Now, we calculate the running time of the whole algorithm. At the root node (level 0) of the tree, for each attribute the query time is \(T_1 + T_2\). Thus for level 0, the running time is \(d(T_1 + T_2)\). For the full \(k-tree\), each of the \(k\) branches contains \(1/k\) training objects. Accordingly, we need \(\frac{1}{\sqrt{k}}d(T_1 + T_2)\) queries in level 1. For the level 2, the query times is \(\frac{1}{k}d(T_1 + T_2)\), and so on. The total running time of the algorithm is \(\frac{(\sqrt{n}-1)\sqrt{k}d}{\sqrt{n}(\sqrt{k}-1)}(T_1 + T_2)\) for the \(log_kn\) levels in the tree.

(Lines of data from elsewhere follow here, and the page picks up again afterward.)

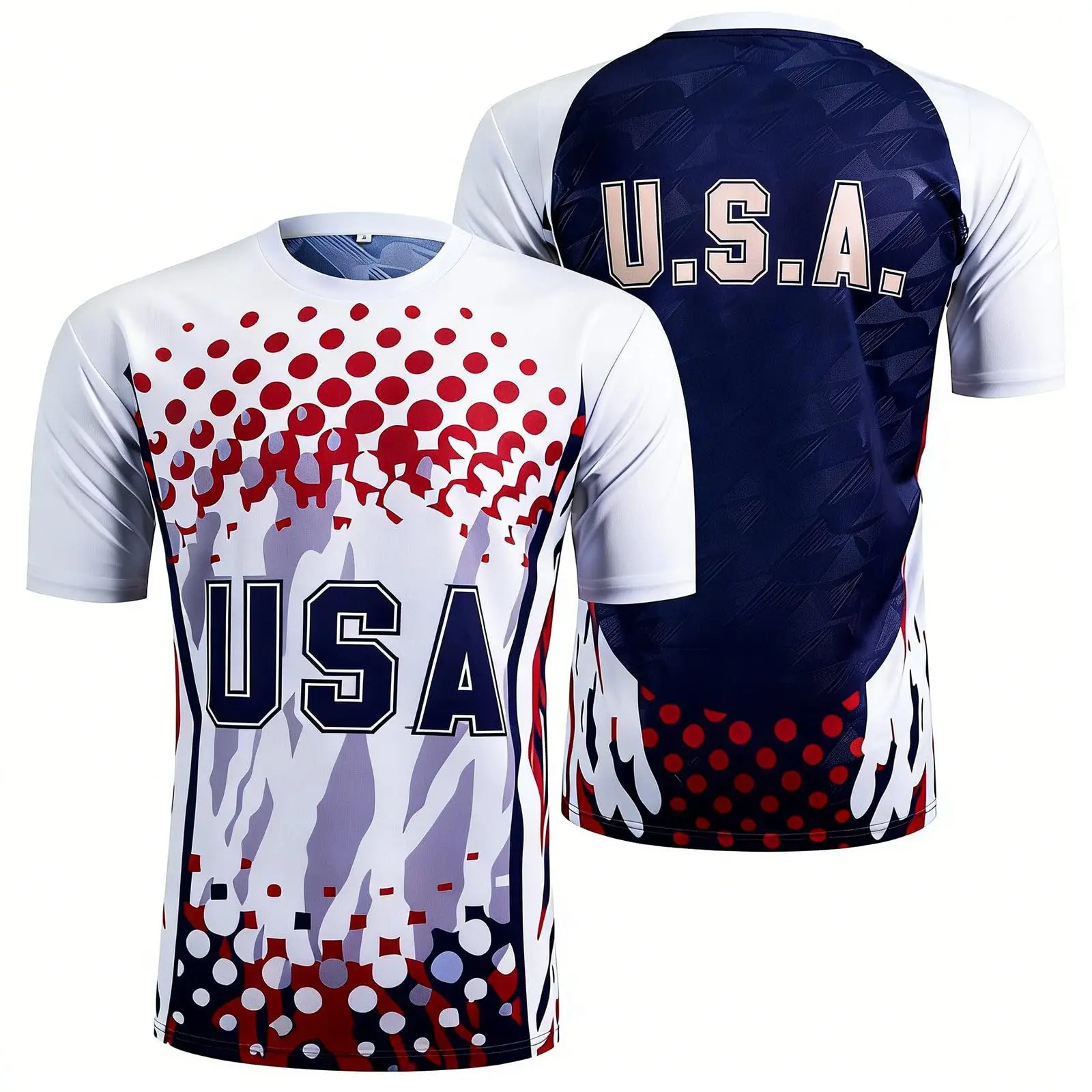 Men's 2026 Fan Soccer Jersey Collection - International Football Shirts Retro Streetwear
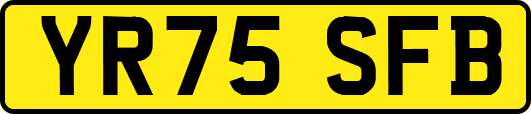 YR75SFB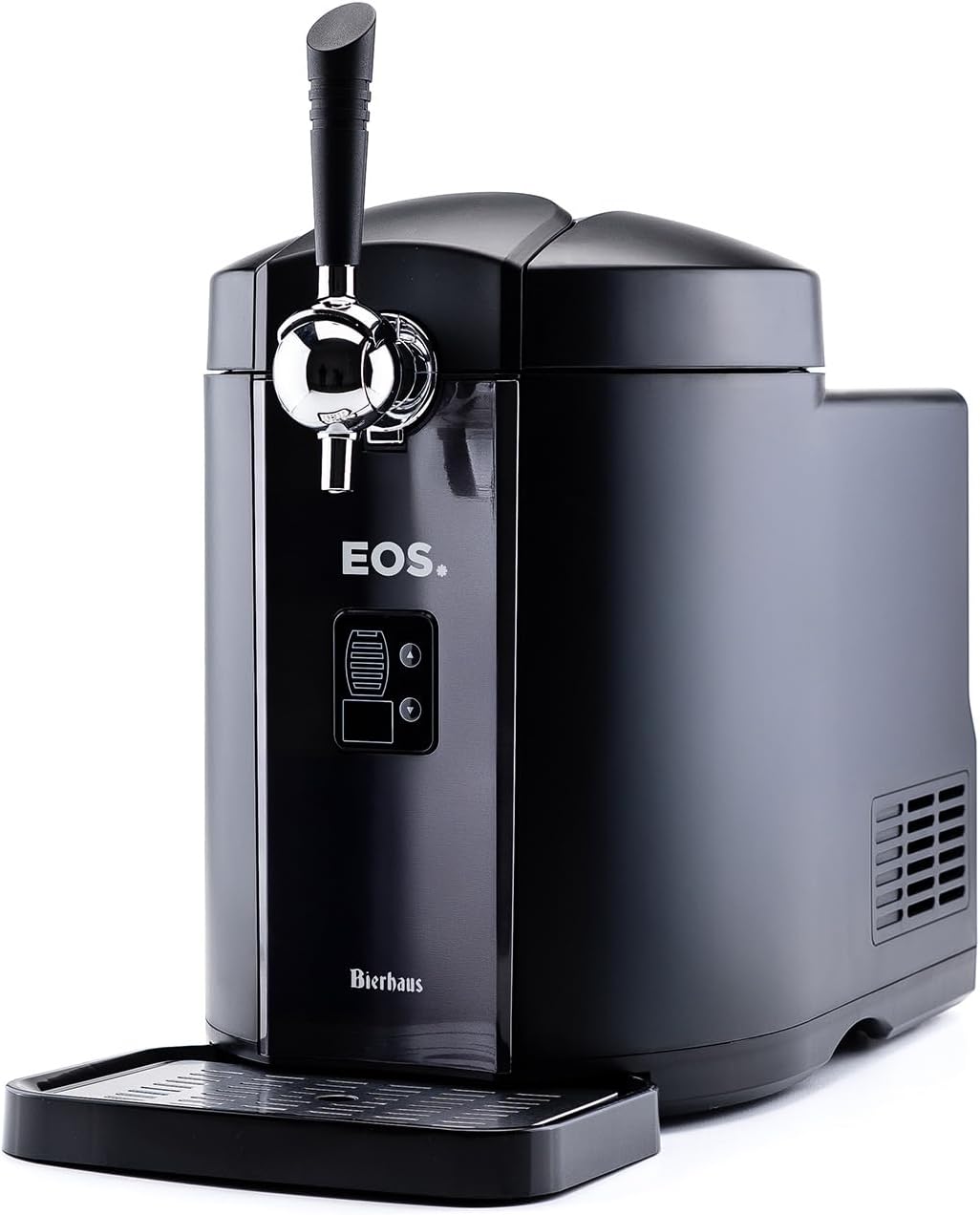 Chopeira EOS Bierhaus 5 Litros com Compressor All Black ECC055PC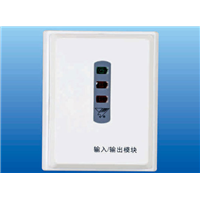输入输出模块 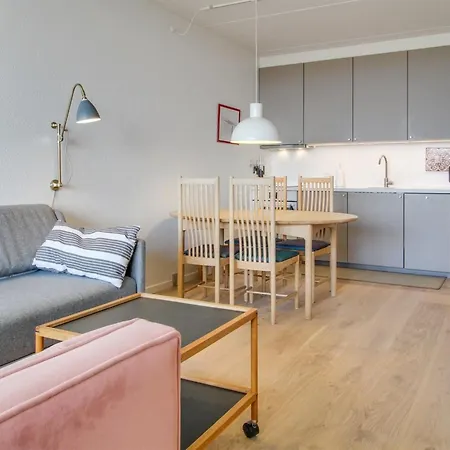 Anedorte - 50m From The Sea By Interhome *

3 Searching over decision tree

Provided we are given a new object \(|x_{new}\rangle \ = |x_{1,new}\rangle \otimes |x_{2,new}\rangle \otimes \cdots \otimes |x_{d,new}\rangle \), the classification begins the root node \(t\) of a quantum decision tree. Let attribute of the root node be \(a_i\), we calculate \(t_i\) fidelities between \(|x_{i,new}\rangle \) and the centroids of \(t_i\) branches of the root node: \(F(\rho _{i,new}, \rho _{i,1}^{(t)}),\,F(\rho _{i,new}, \rho _{i,2}^{(t)}), \ldots , F(\rho _{i,new}, \rho _{i,j}^{(t)}), \ldots , F(\rho _{i,new}, \rho _{i,t_i}^{(t)})\), where \(\rho _{i,new} = |x_{i,new}\rangle \langle x_{i,new}|\) and \(\rho _{i,j}^{(t)} = |xc_{i,j}^{(t)}\rangle \langle xc_{i,j}^{(t)}|\). Suppose the \(j\)th branch with the largest fidelity is selected, we then follow the \(j\)th branch to a descendant node \(t_{cj}\). The second step is to make the decision at the childnode \(t_{cj}\), which can be considered the root of a sub-tree. We continue this way until we reach a leaf node, which has no further test. The new object is then assigned the class of the leaf node reached.

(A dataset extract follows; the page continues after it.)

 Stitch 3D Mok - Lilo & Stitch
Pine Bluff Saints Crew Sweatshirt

Quantum decision tree is an ordered list. Theoretically, a tree with arbitrary branching factor at different nodes can always be represented by a functionally equivalent binary tree. However, multibranch decision tree is still very popular since the rulers from them are more human readability and understandability in many occasions. We now describe the algorithm for searching over the decision tree:

figure d

In the algorithm Searching_Quantum_Tree, \(t_{cj}\) denotes the \(j\)th subtree of \(t\), and \(XC_i^{(t)} = \{|xc_{i,1}^{(t)}\rangle , |xc_{i,2}^{(t)}\rangle , \ldots , |xc_{i,t_i}^{(t)}\rangle \}\) represents the set of centroids of all subbranches of tree \(t\).

Supposing that the quantum decision tree is a full \(k-tree\) with \(n\) training data, the tree contains \((kn - 1)/(k - 1)\) nodes with a height \(h = log_kn + 1\). For algorithm Searching_Quantum_Tree, since we use Grover’s algorithm to search the most possible branch in each node, thus for each node, we need \(c_5\sqrt{k}\) queries, and then, the algorithm would have a running time \(c_5\sqrt{k}log_kn\) if there is no errors, where \(c_5\) is a constant.

4 Conclusion

In this paper, we have investigated the quantum decision tree classification, and then, we described a new simple learning model which could grow a quantum decision tree used for classifying the quantum objects. To construct a quantum tree, we used von Neumann entropy instead of classical shannon entropy as the splitting criterion to determine which attribute should be split. We introduced a quantum clustering algorithm to discretize the quantum training data.

The study of machine learning in the quantum world is still at the budding stage. Many research topics related to decision trees were not involved in this paper. These open problems include the following: (1) how to analyze the error bound of a quantum decision tree; (2) the pruning strategies to stop splitting; (3) how to construct quantum decision trees if some attributes samples are missed; (4) the problem of attributes with differing costs; (5) the problem of training data with quantum noise; and (6) how to generate the quantum classifier if the training data are composed of mixed states instead of pure states. In addition, as a supervised learning method, it is important that the performance of an algorithm is demonstrated experimentally. In classical world, the experiments can be carried out conveniently since there are plenty of repositories of data are publicly available online. On the contrary, it is still uncultivated land for a quantum field.